Recognition: unknown
Deep neural networks with Fisher vector encoding for medical image classification
Pith reviewed 2026-05-10 16:17 UTC · model grok-4.3
The pith
Fisher vector encoding added to hybrid CNN-ViT models improves accuracy on medical image datasets of varying sizes.
A machine-rendered reading of the paper's core claim, the machinery that carries it, and where it could break.
Core claim
The central claim is that Fisher vectors computed from features of a hybrid CNN plus vision transformer network, paired with a method that restricts the growth of Gaussian mixture model estimation cost with dataset size, deliver higher accuracy than existing benchmarks on all MedMNIST v2 collections and match published results on Clean-CC-CCII and ISIC2018.
What carries the argument
Fisher vector encoding applied to features from a CNN-ViT hybrid model, together with a dataset-size-dependent restriction on the number of samples used to estimate the Gaussian mixture model.
If this is right
- The same architecture produces strong results across medical imaging modalities and data scales.
- Orderless statistical encodings become practical inside deep networks even when training collections are large.
- The hybrid model addresses both the spatial locality bias of pure CNNs and the data-efficiency needs of medical tasks.
- Performance exceeds published benchmarks on the small-to-medium MedMNIST sets while remaining competitive on larger sets.
Where Pith is reading between the lines
- The cost-limiting technique for mixture-model estimation could be transferred to other statistical encoding schemes used in computer vision.
- The approach might reduce the labeled data volume required to reach a target accuracy level in new medical imaging problems.
- Similar integrations of orderless encodings with hybrid backbones could be tested on non-medical tasks that also mix small and large datasets.
Load-bearing premise
Capping the number of samples used to estimate the Gaussian mixture model preserves the full representational power of the resulting Fisher vectors without introducing bias or discarding discriminative information.
What would settle it
Applying the full pipeline to a dataset substantially larger than those tested and observing that accuracy falls below that of an unrestricted hybrid model or a standard CNN baseline would show the cost-control step has damaged the encoding quality.
Figures
read the original abstract
Orderless encoding methods have shown to improve Convolutional Neural Networks (CNNs) for image classification in the context of limited availability of data. Additionally, hybrid CNN + Vision Transformers (ViT) models have been recently proposed to address CNN locality bias issues. These models outperformed CNN-only approaches. Despite that, the integration of such hybrid models with more elaborated feature representation can be highly beneficial and remains large unexplored in the literature. In this context, we propose the introduction of an orderless encoding method, Fisher Vectors, to hybrid CNN + ViT architectures, aiming at achieving a model suitable for both small and large datasets. Such enconding method relies on estimating a Gaussian Mixture Model (GMM) on image features. In large datasets, computational costs of the GMM estimation is a limiting factor for the application of Fisher Vectors. Thus, we propose a method to limit the growth of GMM estimation costs as we increase the size of the dataset. We explore the feasibility of our method in the context of medical image classification by appling it to MedMNIST (v2), Clean-CC-CCII and ISIC2018. This collection of datasets contains a wide variety of data scales and modalities. We outperform benchmark results in all MedMNIST (v2) datasets and obtain literature-competitive results in Clean-CC-CCII and ISIC2018.
Editorial analysis
A structured set of objections, weighed in public.
Referee Report
Summary. The paper proposes integrating Fisher vector encoding with hybrid CNN + Vision Transformer architectures for medical image classification. It introduces a method to limit the growth of GMM estimation costs for large datasets and evaluates the approach on MedMNIST v2 (claiming outperformance on all datasets), Clean-CC-CCII, and ISIC2018 (claiming literature-competitive results). The central motivation is to combine orderless encodings with hybrid models to address data scarcity and CNN locality bias while ensuring scalability.
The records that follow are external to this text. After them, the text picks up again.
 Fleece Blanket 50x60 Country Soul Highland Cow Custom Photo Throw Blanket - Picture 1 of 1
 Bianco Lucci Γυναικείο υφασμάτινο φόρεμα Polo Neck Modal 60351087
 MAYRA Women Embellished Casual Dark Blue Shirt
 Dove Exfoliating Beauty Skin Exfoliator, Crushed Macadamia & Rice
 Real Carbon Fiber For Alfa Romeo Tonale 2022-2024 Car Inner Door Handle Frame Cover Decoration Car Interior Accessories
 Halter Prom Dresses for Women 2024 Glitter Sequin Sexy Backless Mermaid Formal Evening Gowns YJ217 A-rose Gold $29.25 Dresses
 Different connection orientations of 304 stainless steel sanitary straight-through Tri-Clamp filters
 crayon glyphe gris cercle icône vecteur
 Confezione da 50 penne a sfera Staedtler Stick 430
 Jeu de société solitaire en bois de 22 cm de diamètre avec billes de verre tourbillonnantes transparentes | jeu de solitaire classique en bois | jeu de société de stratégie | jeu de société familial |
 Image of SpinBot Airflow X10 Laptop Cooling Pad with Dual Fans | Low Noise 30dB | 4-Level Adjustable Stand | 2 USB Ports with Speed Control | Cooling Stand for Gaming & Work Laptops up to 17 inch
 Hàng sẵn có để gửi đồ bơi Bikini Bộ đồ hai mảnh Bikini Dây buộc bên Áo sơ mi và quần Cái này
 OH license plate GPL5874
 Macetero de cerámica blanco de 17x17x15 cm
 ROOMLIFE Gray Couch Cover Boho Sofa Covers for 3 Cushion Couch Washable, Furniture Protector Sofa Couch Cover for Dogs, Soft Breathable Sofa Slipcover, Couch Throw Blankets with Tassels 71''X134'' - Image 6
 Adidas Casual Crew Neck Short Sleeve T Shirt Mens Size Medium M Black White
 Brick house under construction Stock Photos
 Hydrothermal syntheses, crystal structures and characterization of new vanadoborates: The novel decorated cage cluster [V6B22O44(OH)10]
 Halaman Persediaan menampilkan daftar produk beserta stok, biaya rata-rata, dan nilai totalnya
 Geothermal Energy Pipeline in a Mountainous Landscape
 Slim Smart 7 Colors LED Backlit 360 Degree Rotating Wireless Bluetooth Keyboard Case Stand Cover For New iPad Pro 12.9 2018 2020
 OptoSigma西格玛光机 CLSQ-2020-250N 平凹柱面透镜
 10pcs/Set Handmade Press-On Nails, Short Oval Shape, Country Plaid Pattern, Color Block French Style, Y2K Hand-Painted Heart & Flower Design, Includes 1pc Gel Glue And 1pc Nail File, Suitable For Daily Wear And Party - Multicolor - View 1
Significance. If the empirical claims and the validity of the GMM cost-limiting approximation are substantiated, the work could provide a scalable hybrid representation for medical imaging tasks across dataset sizes, extending orderless encodings to modern transformer hybrids in a domain where data limitations are common.
major comments (2)
- [Abstract] Abstract: the central claim of outperformance on all MedMNIST v2 datasets (spanning size regimes) and literature-competitive results on larger sets like ISIC2018 is presented without any quantitative metrics, error bars, ablation studies, or description of the GMM cost-limiting procedure, leaving the empirical support for the hybrid CNN+ViT + Fisher encoding unsupported by visible evidence.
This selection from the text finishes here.